- Country of origin: United States

Production
- Running time: 1 hour

Original release
- Network: Nickelodeon
- Release: January 8, 1983 – 1984

= The Third Eye (American TV series) =

The Third Eye is an American anthology series on Nickelodeon. It consisted of multiple English-language science fiction serials from the United Kingdom and New Zealand. All of the program's featurettes focused on characters with psychic abilities.

==History==
The Third Eye premiered on Nickelodeon on January 8, 1983. It usually begins with a disclaimer that said, "The following is a science fiction program, and may contain some startling scenes. This show is intended for older children." The intro was shown with voice-over by Don LaFontaine saying, "Somewhere in the crowd... sometimes you find someone very special. Someone who hears the unheard. Someone who understands the mystery. Sometimes, there's someone who sees with the third eye!" Initially, three serials were shown as part of the program: Into the Labyrinth, The Haunting of Cassie Palmer, and Under the Mountain. In April 1983, a fourth serial (Children of the Stones) was added. The fifth and final serial to be aired as part of the series was The Witches and the Grinnygog. Described by Nickelodeon president Geraldine Laybourne as part of a confusing "checkerboard schedule", The Third Eye was pulled from Nickelodeon's lineup so that the network could focus on original series.

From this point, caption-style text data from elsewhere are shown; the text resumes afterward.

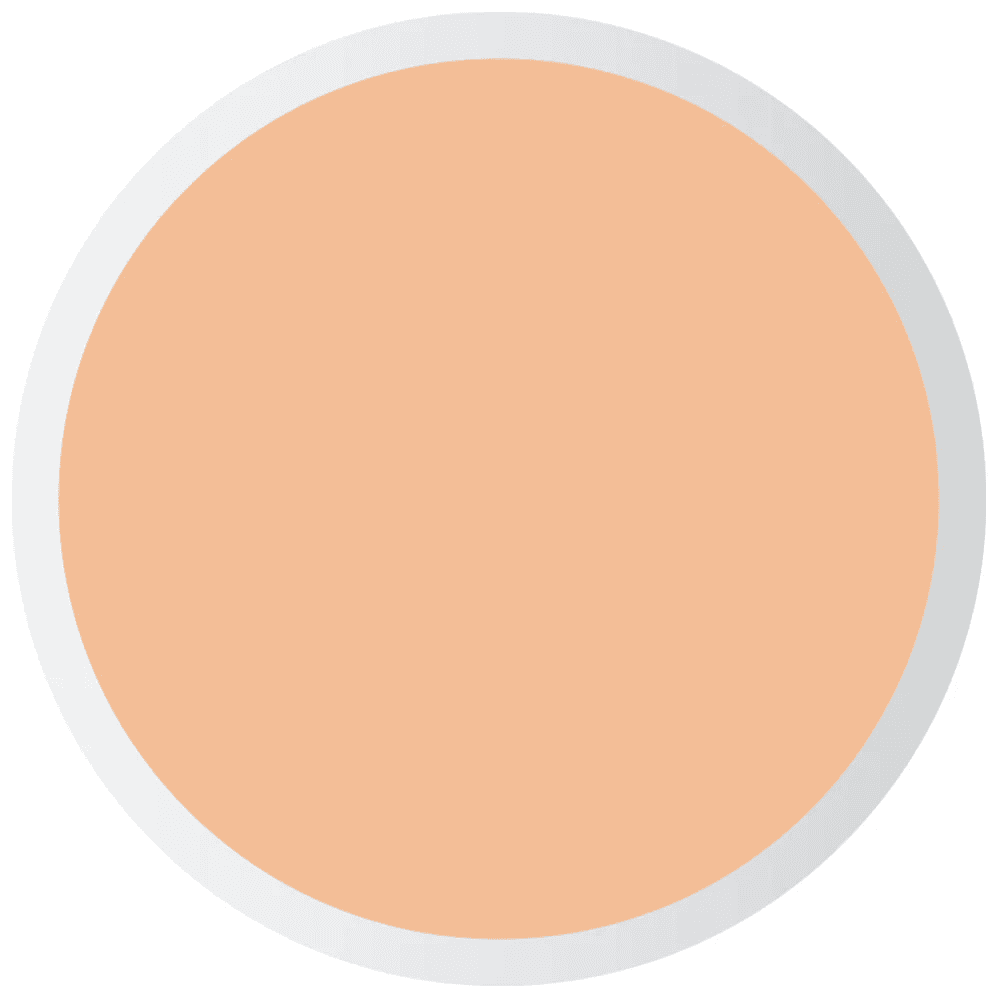 Pastel Profashion Liquid Concealer Peach 103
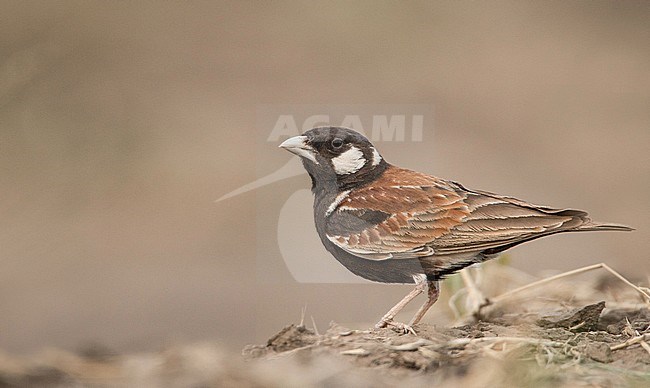 Male Chestnut-backed Sparrow-Lark (Eremopterix leucotis) standing on the ground in Afar, Ethiopia. stock-image by Agami/Ian Davies,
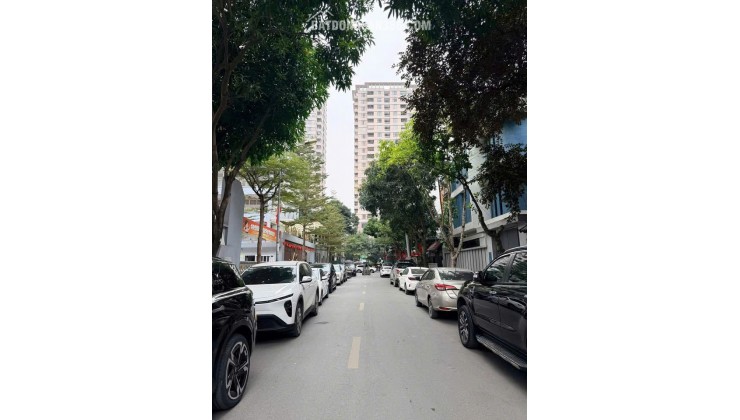 BÁN GẤP BIỆT THỰ ĐƠN LẬP PHỐ THỌ THÁP (KĐT DỊCH VỌNG), QUẬN CẦU GIẤY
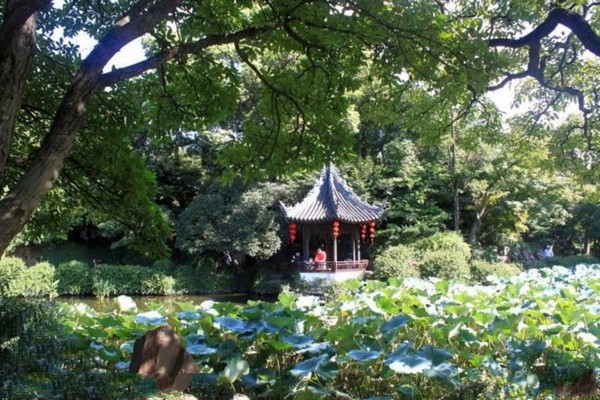 上海曲水园旅游攻略
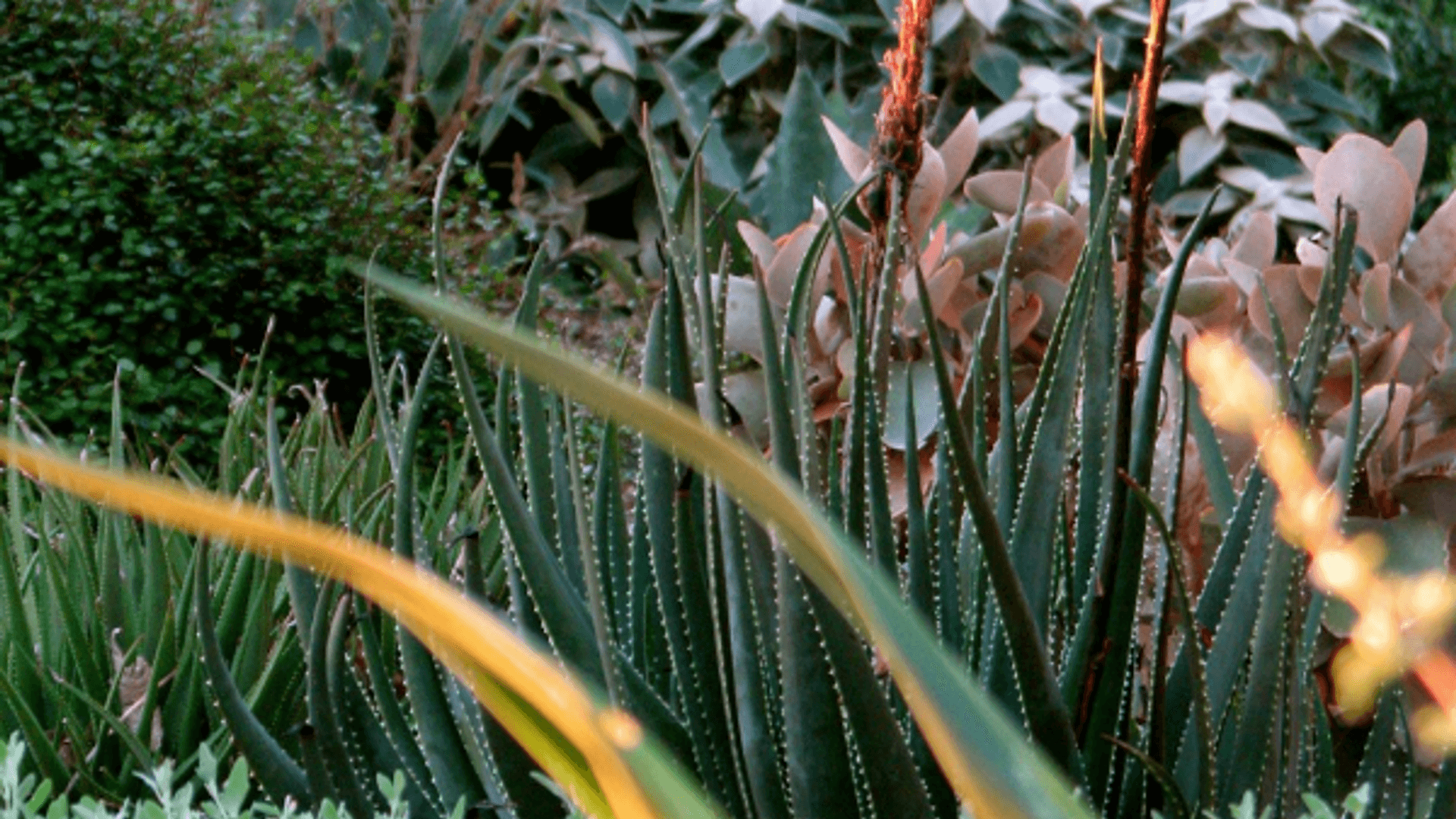 Picture of Aloe plants with Copper Spoon plants and Strobilanthes in the background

In 1984, film historian Aljean Harmetz stated that Nickelodeon acquired the program's presentations "for a pittance" because their relatively low production values and their actors' foreign accents made them "unacceptable" to other networks.

==Series within the anthology==
===The Haunting of Cassie Palmer===
In The Haunting of Cassie Palmer, the title protagonist, the daughter of a medium, decides to see if she has inherited her mother's powers. She tries to conjure up a spirit, with unexpected results. By the end of the series, her powers have burned out. Adapted from the book by Vivien Alcock.

===Under the Mountain===
Twins Rachel and Theo Matheson have limited telepathic abilities and can wield light as a weapon. Aided by the mysterious alien Mr. Jones, they must defeat an evil alien who lives Under the Mountain of Rangitoto Island. Their main power, though, is a psychic bond with two stones from another world which are used as weapons, and (it is strongly implied) may be sentient life forms. Adapted from the book by Maurice Gee.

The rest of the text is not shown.